Long Term Disability Claims Examiner

Alternate Locations: Omaha, NE (Nebraska)

Relocation assistance is not available for this opportunity.

Hiring Manager: Jarod L. Dowse

Level: N3

Requisition #56693

About The Company

Led by over 10,000 employees  – including you –  Lincoln Financial Group provides advice and solutions that help empower people to take charge of their financial lives with confidence and optimism. Today, more than 17 million customers trust our retirement, insurance and wealth protection expertise to help address their lifestyle, savings and income goals, as well as to guard against long-term care expenses.

The Role

As a LTD Claims Examiner II, you will have the overall responsibility for managing long-term disability claims in an ethical manner, ensuring quality decisions, accurate time calculations, and proactive communication with claimants and employers. You will have the responsibility to facilitate the timely transfer of long-term disability claims, without interruption or delay in decision time.  You will be expected to deliver a very high level of consultative customer service.

 

Functional Responsibilities

 

Claims

  • Investigates, evaluates, interpreters and makes determination of long-term disability claims with sound and impartial claim judgments, using appropriate duration guidelines when necessary.
  • Processes increasingly complex assigned claims for payment or denial in accordance with established procedures and guidelines, in a timely manner and meeting departmental quality/production standards.
  • Prioritizes and balances claims in an efficient manner while maintaining productivity, quality, and time service requirements, as outlined by senior management.
  • Provides routine responses and a diverse range of information to junior team members’ questions to support organizational capabilities.
  • Investigates and determines the outcome of disability claims with sound and impartial judgement using available resources such as vocational and  medical information.
  • Reviews increasingly complex submitted claim information for payment and ensures the accuracy and completeness of submitted claim information.

 

Decision Making

  • Investigates, evaluates, interpreters and makes determination of long-term disability claims with sound and impartial claim judgments, using appropriate duration guidelines when necessary.
  • Obtains needed increasingly complex claim information by communicating effectively with internal/external stakeholders verbally and in written form while maintaining a professional demeanor in all interactions
  • Reviews and provides specific information to increasingly complex questions/concerns from internal/external stakeholders (e.g. internal partners, policyholders, brokers, etc.) by applying expended knowledge
  • Prioritizes and balances claims in an efficient manner while maintaining productivity, quality, and time service requirements, as outlined by senior management.
  • Investigates and determines the outcome of disability claims with sound and impartial judgement using available resources such as vocational and  medical information.
  • Recognizes issues or concerns for assigned area(s) of responsibility, explains effect on the customer's service experience, and suggests process improvements.

 

Customer Service

  • Communicates with claimants, policyholders, attorneys, physicians and brokers directly either orally or written.
  • Resolves claim-specific issues while maintaining internal and external customer satisfaction.
  • Provides customer service to internal and/or external stakeholders, recognizes what needs to be done to meet customer needs and demonstrates flexibility and responsiveness to meet customer needs on routine work independently.

 

Requirements

Education

 

  • High School Diploma or GED

 

Experience

 

  • 2-3 yrs of experience in insurance claims that directly aligns with the specific responsibilities for this position OR For candidates with an Associate’s Degree or above, 0-1 year of claims experience that directly aligns with the specific responsibilities for this position.
  • 0-1 yrs of insurance policy contracts experience
  • Proficiency with Microsoft Office Suite
  • A demonstrated track record of consistently meeting and/or exceeding performance expectations
  • Possesses a bias for action and avoids workplace distractions
  • Drives performance targets to completion
  •  

 

 


This position may be subject to Lincoln’s Political Contribution Policy.  An offer of employment may be contingent upon disclosing to Lincoln the details of certain political contributions.
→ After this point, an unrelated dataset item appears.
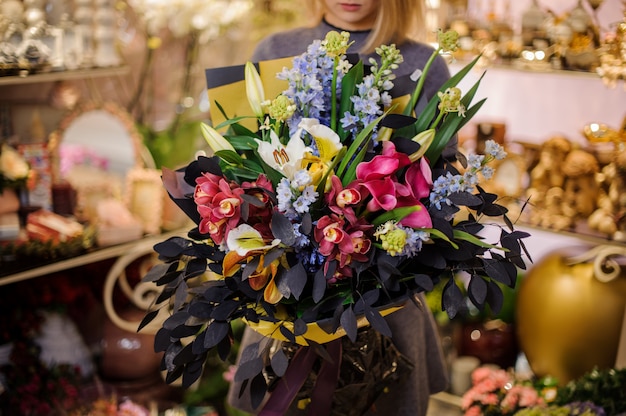 Femme tenant un magnifique bouquet d'orchidées, de lys et de belles feuilles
Lincoln may decline to extend an offer or terminate employment for this role if it determines political contributions made could have an adverse impact on Lincoln’s current or future business interests, misrepresentations were made, or for failure to fully disclose applicable political contributions and or fundraising activities.

Any unsolicited resumes/candidate profiles submitted through our web site or to personal e-mail accounts of employees of Lincoln Financial Group are considered property of Lincoln Financial Group and are not subject to payment of agency fees.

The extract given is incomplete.